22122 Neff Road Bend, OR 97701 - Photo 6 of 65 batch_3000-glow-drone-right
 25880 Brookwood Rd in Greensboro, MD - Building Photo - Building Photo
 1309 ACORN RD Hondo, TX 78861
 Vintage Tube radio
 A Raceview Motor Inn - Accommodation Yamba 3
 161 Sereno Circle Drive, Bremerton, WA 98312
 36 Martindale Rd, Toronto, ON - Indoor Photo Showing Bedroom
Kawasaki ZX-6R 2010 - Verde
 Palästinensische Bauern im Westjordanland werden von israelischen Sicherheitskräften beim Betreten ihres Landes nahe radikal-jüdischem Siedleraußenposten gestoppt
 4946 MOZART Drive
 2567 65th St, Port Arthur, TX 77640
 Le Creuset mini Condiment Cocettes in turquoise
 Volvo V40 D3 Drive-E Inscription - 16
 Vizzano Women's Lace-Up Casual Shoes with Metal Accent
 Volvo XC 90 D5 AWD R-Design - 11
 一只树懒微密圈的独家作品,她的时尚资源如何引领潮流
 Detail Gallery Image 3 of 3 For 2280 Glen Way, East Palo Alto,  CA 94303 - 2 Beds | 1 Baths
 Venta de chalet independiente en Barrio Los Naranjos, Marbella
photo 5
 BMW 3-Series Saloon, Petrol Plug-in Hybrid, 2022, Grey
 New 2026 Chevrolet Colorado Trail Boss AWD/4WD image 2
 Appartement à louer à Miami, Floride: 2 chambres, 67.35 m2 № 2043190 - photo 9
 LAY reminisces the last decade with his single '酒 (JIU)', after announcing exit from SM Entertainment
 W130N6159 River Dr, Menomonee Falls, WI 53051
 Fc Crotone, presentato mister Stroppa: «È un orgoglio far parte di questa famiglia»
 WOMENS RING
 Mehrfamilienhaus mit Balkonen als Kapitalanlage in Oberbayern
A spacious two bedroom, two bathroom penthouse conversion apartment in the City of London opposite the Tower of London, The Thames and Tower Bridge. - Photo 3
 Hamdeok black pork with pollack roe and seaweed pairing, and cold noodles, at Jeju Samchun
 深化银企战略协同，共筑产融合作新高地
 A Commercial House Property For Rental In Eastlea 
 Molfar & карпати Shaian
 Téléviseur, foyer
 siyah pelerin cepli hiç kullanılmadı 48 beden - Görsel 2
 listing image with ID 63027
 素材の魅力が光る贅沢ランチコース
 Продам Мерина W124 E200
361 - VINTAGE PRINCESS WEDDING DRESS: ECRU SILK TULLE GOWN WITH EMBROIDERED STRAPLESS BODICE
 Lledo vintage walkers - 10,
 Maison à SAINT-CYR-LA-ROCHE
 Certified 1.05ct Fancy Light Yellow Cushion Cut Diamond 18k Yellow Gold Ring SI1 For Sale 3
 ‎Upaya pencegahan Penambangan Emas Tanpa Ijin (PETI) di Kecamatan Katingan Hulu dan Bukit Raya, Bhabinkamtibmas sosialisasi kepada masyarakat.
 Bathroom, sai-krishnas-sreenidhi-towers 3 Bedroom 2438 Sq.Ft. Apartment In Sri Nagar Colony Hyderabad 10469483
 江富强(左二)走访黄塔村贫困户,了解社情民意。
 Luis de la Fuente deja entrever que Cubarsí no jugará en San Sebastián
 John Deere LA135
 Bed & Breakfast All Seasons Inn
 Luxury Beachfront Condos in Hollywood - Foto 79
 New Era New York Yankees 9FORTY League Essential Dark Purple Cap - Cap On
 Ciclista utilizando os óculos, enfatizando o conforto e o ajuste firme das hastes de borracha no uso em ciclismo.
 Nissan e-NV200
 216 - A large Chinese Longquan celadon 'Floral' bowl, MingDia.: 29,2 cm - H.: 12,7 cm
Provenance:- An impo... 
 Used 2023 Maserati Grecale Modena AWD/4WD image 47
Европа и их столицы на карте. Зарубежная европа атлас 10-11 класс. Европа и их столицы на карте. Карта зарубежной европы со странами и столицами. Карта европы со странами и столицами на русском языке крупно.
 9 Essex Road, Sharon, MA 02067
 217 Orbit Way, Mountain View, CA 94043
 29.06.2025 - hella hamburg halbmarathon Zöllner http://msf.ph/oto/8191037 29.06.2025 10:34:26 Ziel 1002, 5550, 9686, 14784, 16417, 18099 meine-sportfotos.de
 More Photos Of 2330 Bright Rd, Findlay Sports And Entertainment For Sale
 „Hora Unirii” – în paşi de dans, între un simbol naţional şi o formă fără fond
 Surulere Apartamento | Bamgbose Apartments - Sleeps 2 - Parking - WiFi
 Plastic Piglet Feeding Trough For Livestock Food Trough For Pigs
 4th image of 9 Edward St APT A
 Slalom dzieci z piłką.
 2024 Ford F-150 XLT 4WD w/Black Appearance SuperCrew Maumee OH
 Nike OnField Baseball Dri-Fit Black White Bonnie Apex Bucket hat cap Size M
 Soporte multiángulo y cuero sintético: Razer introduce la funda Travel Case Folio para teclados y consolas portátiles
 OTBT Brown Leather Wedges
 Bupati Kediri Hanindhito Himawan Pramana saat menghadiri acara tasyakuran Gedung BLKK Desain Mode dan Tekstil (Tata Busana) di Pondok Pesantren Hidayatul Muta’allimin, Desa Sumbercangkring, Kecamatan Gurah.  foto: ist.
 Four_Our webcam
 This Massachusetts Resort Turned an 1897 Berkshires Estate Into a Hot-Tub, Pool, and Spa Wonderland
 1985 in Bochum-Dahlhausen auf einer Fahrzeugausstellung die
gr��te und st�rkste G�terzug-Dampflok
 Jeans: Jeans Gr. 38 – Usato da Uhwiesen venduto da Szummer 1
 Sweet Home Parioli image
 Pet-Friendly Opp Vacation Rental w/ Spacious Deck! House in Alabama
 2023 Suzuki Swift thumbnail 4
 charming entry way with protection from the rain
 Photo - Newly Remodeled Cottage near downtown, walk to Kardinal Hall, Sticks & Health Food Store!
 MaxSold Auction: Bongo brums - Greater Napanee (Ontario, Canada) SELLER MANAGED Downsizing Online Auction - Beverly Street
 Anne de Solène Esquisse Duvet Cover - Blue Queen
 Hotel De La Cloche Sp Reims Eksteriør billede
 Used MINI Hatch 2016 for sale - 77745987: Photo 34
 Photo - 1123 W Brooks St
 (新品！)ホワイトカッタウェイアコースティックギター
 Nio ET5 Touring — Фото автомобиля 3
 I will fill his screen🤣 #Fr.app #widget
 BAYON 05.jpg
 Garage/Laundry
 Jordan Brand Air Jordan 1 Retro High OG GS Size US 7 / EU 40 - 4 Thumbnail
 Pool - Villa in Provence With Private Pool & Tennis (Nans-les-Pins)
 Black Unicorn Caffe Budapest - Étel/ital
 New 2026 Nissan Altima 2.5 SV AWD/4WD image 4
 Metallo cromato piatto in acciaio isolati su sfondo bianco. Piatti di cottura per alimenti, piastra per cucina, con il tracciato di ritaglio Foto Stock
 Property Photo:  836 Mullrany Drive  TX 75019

++++++++

Reproduce the material above exactly, beginning at its first line and ending with the line that holds "4946 MOZART Drive". Include nothing else.

22122 Neff Road Bend, OR 97701 - Photo 6 of 65 batch_3000-glow-drone-right
 25880 Brookwood Rd in Greensboro, MD - Building Photo - Building Photo
 1309 ACORN RD Hondo, TX 78861
 Vintage Tube radio
 A Raceview Motor Inn - Accommodation Yamba 3
 161 Sereno Circle Drive, Bremerton, WA 98312
 36 Martindale Rd, Toronto, ON - Indoor Photo Showing Bedroom
Kawasaki ZX-6R 2010 - Verde
 Palästinensische Bauern im Westjordanland werden von israelischen Sicherheitskräften beim Betreten ihres Landes nahe radikal-jüdischem Siedleraußenposten gestoppt
 4946 MOZART Drive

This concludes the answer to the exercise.